Posted: Fri Mar 27, 2020 2:19 pm
by El Pollo Diablo
New deaths in. Up by 181.

Re: COVID-19

Posted: Fri Mar 27, 2020 2:21 pm
by El Pollo Diablo
That puts us around 16.3 days behind Italy now.

Re: COVID-19

Posted: Fri Mar 27, 2020 2:29 pm
by purplehaze
Bird on a Fire wrote:
Fri Mar 27, 2020 2:15 pm
purplehaze wrote:
Fri Mar 27, 2020 1:59 pm
Saw four young people sitting together near a supermarket. People were filming them.

I went over and had a chat to say they were not social distancing and in a gathering of more than two and that they were being filmed.

They said they were on their break from the nursery opposite. And that being nursery workers they couldn't social distance from children - I replied I understand that I have three children of my own. Oh and they were on their last week.

Upped up my angry voice to say could they at least sit two metres apart. They were in a huddle at the most half a metre apart. I told them they were spoiling it for everyone and that this sort of behaviour leads to a lock down.

Anyway was told to back off and that I should leave. Which I did.

I went to the nursery to report this. Why are they letting out four people at a time for their break?
To be honest, while it looks bad, if they're working together in a nursery their infection statuses will be all-or-nothing anyway, as they'll constantly be in close proximity, sharing communal areas and sharing a huge reservoir of infectious agents (the kids). Sitting a bit further away from each other on their break isn't going to change that.

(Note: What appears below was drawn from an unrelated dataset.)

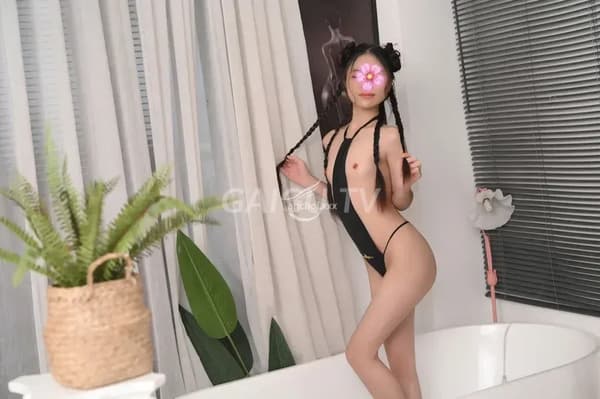 Anh Thư xinh đẹp ngực săn chắc quyến rũ 6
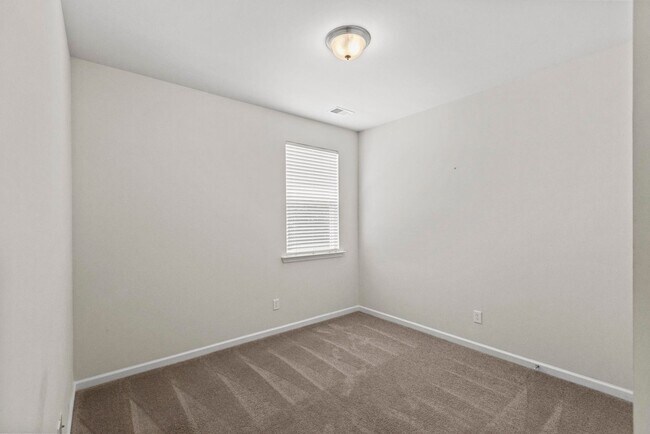Building Photo - Holly Ridge Ranch Home available now!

Sitting together in public on their break and being snotty about it isn't the right attitude, of course, but they're probably in a fairly unenviable position.
I didn't know this until I spoke to them though. By all accounts they were a group of four young people sitting together. And I still think that four should not be allowed to go out together on a break.

Re: COVID-19

Posted: Fri Mar 27, 2020 2:31 pm
by Stephanie
yeah, but it's probably worth just speaking straight to the employer then. It's unlikely the staff have any choice in the matter

Re: COVID-19

Posted: Fri Mar 27, 2020 2:39 pm
by purplehaze
Stephanie wrote:
Fri Mar 27, 2020 2:31 pm
yeah, but it's probably worth just speaking straight to the employer then. It's unlikely the staff have any choice in the matter
I spoke to the nursery. They were apologetic and went to deal with it.

I would hope staff would have some choice in the matter.

But anyway I was only trying to help them as they were being filmed.